(Source data)
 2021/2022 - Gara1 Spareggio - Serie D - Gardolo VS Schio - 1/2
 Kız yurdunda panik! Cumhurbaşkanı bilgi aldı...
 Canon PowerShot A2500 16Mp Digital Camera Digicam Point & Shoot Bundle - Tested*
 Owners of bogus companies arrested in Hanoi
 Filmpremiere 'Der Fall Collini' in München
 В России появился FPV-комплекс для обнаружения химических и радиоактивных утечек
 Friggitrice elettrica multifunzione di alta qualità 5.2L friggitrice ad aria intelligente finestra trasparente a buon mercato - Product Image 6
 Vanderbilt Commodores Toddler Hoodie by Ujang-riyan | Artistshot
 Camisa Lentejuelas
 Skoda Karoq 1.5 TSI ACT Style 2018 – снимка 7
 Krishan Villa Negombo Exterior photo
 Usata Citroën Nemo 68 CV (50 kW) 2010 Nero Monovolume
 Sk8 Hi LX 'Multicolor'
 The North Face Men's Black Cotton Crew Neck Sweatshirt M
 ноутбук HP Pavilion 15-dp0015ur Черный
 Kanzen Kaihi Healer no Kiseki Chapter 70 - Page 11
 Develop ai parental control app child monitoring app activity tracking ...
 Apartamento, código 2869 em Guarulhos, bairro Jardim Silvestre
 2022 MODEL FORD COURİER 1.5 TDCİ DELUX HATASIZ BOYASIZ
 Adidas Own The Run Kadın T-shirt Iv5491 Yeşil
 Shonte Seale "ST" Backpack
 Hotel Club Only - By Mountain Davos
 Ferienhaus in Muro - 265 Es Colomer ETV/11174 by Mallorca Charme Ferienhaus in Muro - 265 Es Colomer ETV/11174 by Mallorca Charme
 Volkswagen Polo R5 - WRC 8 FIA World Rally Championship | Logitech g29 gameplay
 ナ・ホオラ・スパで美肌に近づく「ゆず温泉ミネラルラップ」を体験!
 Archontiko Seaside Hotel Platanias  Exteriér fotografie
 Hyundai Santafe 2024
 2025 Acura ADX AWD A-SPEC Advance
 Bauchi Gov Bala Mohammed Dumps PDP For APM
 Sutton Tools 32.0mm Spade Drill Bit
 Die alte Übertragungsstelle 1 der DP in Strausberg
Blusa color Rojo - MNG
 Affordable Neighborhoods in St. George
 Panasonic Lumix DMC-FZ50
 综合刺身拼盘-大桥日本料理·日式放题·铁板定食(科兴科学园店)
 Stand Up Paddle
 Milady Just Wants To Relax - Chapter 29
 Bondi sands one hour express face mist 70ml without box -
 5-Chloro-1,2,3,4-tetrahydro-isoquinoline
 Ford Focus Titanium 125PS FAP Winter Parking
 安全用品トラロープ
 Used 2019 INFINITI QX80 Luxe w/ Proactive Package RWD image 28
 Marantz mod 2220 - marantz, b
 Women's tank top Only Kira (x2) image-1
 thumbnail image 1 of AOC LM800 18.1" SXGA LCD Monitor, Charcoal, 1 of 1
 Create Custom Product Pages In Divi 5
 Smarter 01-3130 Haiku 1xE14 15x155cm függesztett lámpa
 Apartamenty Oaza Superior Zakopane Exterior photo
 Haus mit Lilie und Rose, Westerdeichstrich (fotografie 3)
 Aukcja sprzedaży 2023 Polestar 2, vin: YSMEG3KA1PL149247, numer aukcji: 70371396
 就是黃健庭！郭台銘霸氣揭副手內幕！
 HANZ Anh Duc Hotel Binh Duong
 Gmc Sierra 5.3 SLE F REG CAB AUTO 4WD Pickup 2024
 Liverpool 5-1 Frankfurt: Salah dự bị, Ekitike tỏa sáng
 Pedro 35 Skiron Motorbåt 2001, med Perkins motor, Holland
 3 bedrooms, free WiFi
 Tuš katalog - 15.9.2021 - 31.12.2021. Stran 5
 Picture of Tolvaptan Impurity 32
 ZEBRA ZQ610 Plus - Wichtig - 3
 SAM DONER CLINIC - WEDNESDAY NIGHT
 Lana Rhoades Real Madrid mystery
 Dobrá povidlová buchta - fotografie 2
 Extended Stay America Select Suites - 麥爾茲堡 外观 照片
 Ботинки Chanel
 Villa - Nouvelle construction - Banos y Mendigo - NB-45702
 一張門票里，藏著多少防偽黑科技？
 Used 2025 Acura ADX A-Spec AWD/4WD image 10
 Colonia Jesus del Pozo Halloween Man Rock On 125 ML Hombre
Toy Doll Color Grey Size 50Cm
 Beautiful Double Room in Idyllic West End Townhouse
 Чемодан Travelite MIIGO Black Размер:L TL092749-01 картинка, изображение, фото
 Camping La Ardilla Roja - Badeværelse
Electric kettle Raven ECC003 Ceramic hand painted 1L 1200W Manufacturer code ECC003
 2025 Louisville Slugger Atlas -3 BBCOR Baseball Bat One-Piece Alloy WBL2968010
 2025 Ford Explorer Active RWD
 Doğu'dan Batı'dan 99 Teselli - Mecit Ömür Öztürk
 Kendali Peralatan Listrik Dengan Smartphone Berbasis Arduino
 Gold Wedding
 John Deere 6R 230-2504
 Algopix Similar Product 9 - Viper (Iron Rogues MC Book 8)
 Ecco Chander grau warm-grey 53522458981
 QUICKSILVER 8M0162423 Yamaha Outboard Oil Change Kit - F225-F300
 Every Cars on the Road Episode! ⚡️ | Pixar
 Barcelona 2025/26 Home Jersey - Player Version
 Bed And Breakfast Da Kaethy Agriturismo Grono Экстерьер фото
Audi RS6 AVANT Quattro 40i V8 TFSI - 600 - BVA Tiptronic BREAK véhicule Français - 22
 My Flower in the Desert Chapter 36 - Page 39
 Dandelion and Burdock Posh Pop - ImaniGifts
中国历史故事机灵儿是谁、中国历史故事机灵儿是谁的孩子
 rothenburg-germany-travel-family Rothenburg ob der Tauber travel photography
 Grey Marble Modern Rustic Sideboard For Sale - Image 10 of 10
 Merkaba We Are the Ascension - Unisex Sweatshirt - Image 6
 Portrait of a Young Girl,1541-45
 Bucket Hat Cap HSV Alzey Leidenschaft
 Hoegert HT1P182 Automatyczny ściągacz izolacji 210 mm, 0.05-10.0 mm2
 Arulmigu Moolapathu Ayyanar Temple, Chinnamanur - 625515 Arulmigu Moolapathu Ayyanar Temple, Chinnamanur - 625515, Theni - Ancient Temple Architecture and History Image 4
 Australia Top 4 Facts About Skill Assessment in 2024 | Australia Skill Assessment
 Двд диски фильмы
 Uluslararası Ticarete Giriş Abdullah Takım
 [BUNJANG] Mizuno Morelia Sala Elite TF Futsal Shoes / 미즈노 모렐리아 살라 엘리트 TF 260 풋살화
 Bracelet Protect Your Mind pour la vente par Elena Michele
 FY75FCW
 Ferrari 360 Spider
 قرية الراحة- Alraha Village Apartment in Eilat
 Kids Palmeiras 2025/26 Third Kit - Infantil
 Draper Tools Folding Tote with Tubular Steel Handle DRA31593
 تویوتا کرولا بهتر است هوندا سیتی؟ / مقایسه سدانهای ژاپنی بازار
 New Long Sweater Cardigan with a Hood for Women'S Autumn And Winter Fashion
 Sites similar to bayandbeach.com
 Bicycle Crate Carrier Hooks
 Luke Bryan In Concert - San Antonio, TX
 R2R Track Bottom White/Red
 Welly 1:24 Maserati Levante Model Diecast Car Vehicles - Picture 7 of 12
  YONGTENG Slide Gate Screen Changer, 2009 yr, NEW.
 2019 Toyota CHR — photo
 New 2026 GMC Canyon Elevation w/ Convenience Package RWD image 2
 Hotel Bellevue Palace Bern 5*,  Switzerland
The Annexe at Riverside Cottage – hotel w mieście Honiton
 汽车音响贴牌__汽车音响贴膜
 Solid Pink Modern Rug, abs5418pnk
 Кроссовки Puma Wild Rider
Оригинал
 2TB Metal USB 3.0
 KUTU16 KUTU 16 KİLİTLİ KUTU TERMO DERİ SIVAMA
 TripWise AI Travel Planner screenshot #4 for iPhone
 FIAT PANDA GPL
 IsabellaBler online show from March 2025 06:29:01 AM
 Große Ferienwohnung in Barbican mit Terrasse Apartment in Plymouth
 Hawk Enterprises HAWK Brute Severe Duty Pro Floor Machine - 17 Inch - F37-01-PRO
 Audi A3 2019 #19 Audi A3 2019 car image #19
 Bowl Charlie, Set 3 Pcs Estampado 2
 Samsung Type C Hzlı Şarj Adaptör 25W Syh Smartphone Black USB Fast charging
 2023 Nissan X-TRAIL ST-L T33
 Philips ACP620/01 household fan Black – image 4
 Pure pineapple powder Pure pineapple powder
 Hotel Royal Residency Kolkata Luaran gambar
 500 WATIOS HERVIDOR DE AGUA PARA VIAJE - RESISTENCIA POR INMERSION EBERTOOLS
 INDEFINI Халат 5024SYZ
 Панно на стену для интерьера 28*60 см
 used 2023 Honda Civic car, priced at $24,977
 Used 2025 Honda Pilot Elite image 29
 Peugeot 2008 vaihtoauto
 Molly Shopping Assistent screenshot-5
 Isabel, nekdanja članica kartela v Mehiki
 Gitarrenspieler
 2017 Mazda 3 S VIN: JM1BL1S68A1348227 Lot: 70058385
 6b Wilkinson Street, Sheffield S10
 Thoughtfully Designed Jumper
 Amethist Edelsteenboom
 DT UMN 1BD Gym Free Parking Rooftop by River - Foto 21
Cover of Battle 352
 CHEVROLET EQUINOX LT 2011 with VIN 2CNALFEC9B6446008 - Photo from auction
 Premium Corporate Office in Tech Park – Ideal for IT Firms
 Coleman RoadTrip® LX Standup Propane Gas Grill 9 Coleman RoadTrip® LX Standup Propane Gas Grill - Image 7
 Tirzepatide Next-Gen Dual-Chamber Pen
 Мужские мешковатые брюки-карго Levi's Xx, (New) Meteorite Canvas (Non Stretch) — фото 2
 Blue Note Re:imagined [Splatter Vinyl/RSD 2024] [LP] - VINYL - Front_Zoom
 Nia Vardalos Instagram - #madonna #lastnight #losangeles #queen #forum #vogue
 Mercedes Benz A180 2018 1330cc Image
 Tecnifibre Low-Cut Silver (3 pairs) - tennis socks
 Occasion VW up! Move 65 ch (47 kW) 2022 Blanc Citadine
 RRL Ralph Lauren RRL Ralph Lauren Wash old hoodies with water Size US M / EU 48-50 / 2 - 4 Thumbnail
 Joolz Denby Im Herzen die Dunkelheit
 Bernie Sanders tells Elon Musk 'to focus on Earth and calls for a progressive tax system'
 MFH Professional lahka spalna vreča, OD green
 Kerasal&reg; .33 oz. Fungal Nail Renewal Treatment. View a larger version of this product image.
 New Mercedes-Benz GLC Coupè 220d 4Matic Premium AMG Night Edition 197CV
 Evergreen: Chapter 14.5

• **YOUR GOAL**:
In the entries above, find the line holding "ナ・ホオラ・スパで美肌に近づく「ゆず温泉ミネラルラップ」を体験!" and the line holding "Haus mit Lilie", then retype exactly those two lines and every line between them, and nothing else.

• **ANSWER SPACE**:
 ナ・ホオラ・スパで美肌に近づく「ゆず温泉ミネラルラップ」を体験!
 Archontiko Seaside Hotel Platanias  Exteriér fotografie
 Hyundai Santafe 2024
 2025 Acura ADX AWD A-SPEC Advance
 Bauchi Gov Bala Mohammed Dumps PDP For APM
 Sutton Tools 32.0mm Spade Drill Bit
 Die alte Übertragungsstelle 1 der DP in Strausberg
Blusa color Rojo - MNG
 Affordable Neighborhoods in St. George
 Panasonic Lumix DMC-FZ50
 综合刺身拼盘-大桥日本料理·日式放题·铁板定食(科兴科学园店)
 Stand Up Paddle
 Milady Just Wants To Relax - Chapter 29
 Bondi sands one hour express face mist 70ml without box -
 5-Chloro-1,2,3,4-tetrahydro-isoquinoline
 Ford Focus Titanium 125PS FAP Winter Parking
 安全用品トラロープ
 Used 2019 INFINITI QX80 Luxe w/ Proactive Package RWD image 28
 Marantz mod 2220 - marantz, b
 Women's tank top Only Kira (x2) image-1
 thumbnail image 1 of AOC LM800 18.1" SXGA LCD Monitor, Charcoal, 1 of 1
 Create Custom Product Pages In Divi 5
 Smarter 01-3130 Haiku 1xE14 15x155cm függesztett lámpa
 Apartamenty Oaza Superior Zakopane Exterior photo
 Haus mit Lilie und Rose, Westerdeichstrich (fotografie 3)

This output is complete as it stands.